▶ **What the task requires**:
Transcribe only the lines of the listing below from the one holding "Hàng dài fan" through the one holding "V-Yaka Kıvrımlı Düz Renk Şifon Bluz", inclusive, without any change.

▶ **Data**:
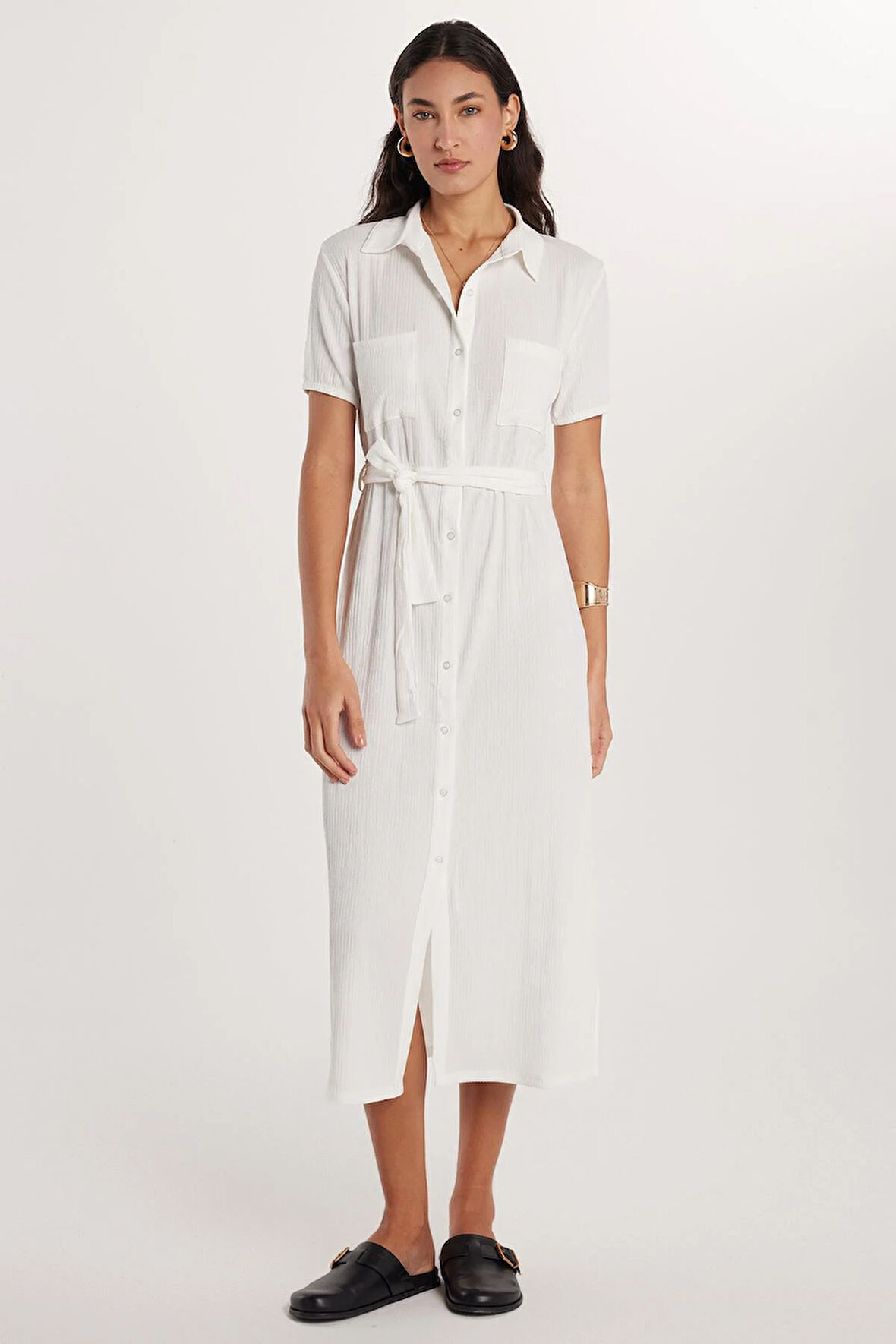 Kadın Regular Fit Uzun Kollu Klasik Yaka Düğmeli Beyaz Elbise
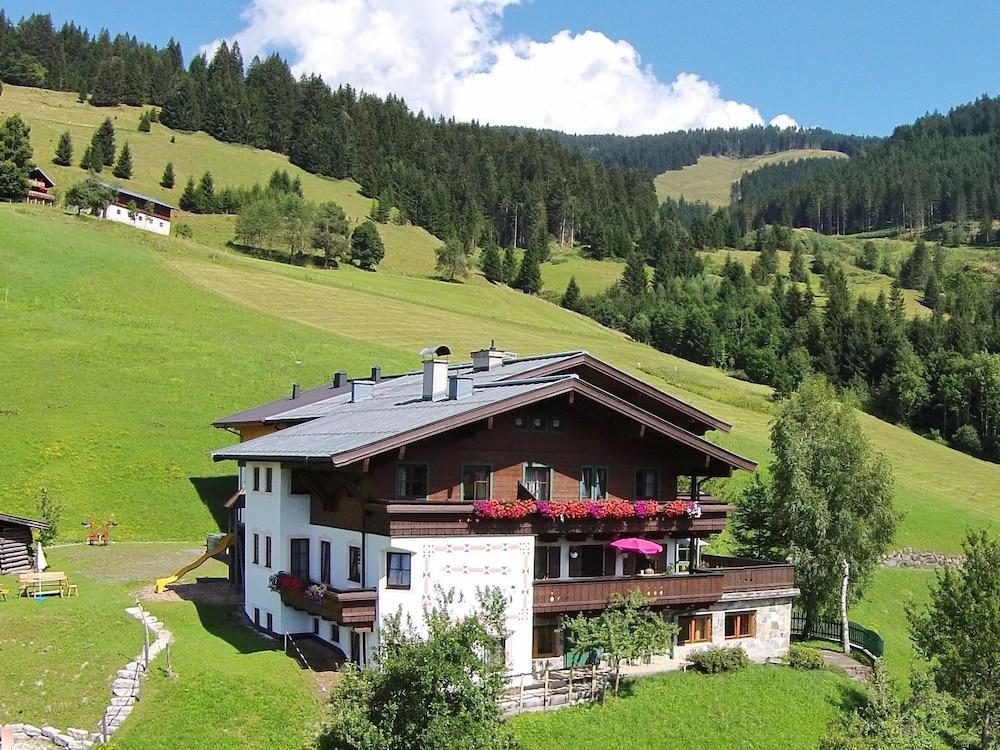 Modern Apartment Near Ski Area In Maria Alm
==
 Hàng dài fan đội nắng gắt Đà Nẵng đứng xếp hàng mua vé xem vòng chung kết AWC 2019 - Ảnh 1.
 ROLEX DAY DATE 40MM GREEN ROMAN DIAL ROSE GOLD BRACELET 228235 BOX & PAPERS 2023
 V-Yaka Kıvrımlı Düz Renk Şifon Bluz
==
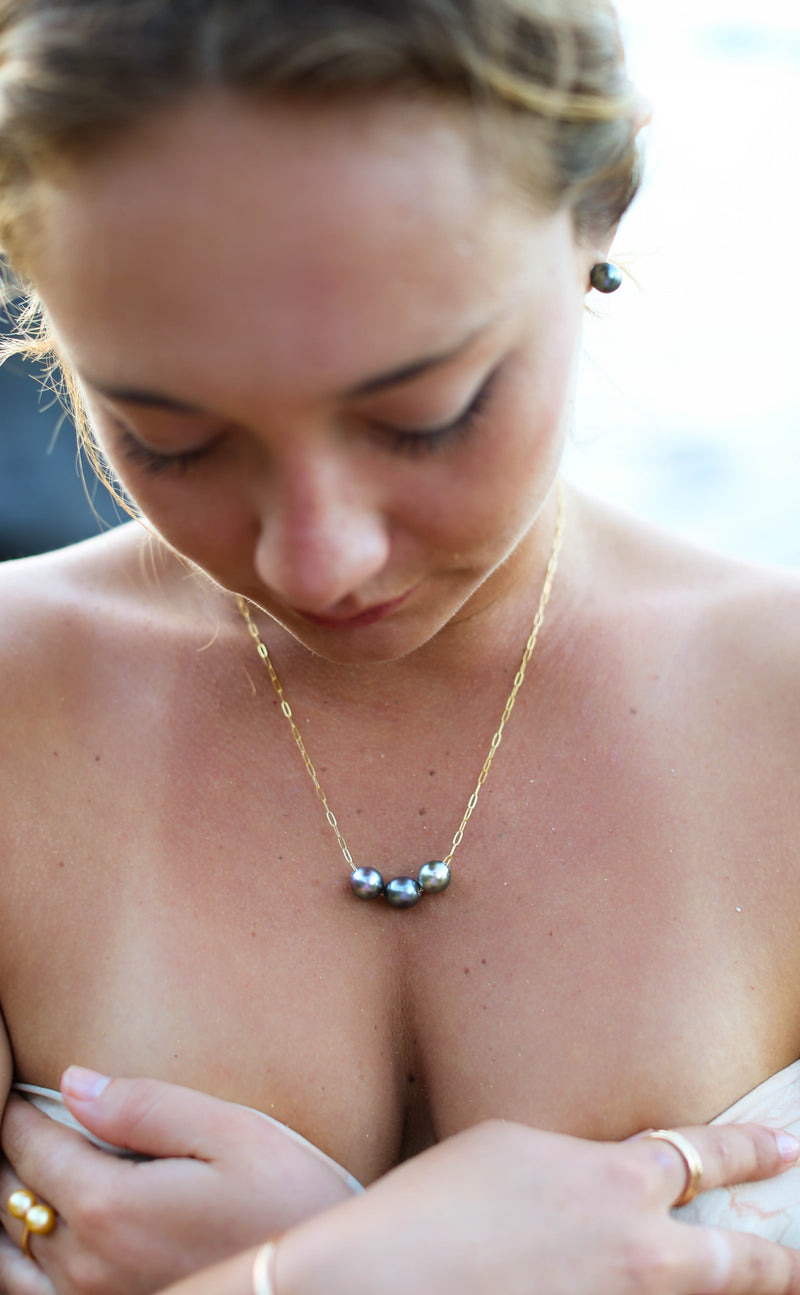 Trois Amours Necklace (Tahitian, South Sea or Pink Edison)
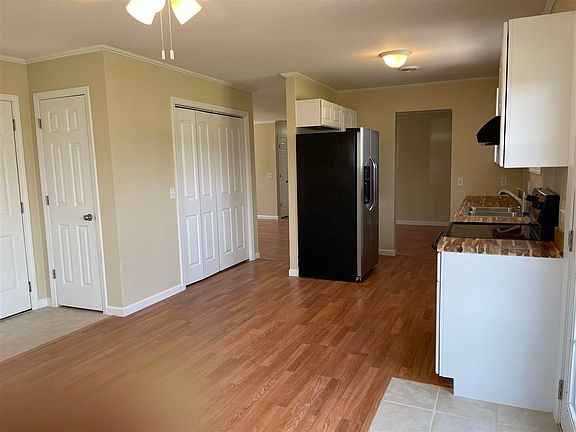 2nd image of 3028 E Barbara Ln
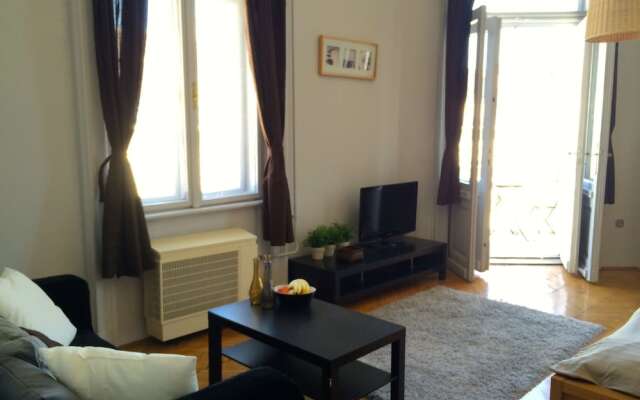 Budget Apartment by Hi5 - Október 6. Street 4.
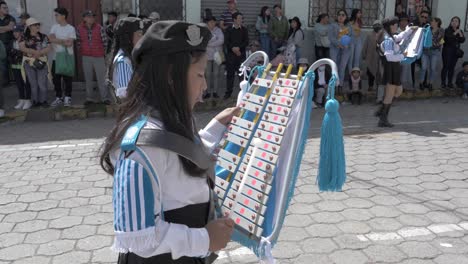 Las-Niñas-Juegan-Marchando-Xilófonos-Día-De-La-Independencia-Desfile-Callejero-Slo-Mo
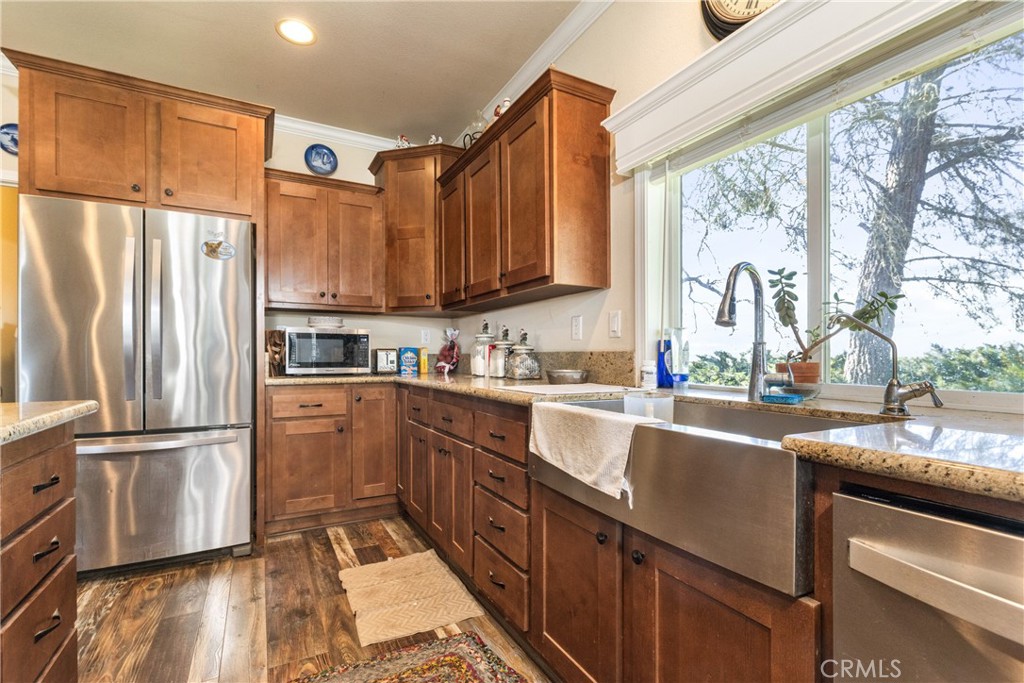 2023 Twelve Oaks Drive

▶ **Exercise response**:
 Hàng dài fan đội nắng gắt Đà Nẵng đứng xếp hàng mua vé xem vòng chung kết AWC 2019 - Ảnh 1.
 ROLEX DAY DATE 40MM GREEN ROMAN DIAL ROSE GOLD BRACELET 228235 BOX & PAPERS 2023
 V-Yaka Kıvrımlı Düz Renk Şifon Bluz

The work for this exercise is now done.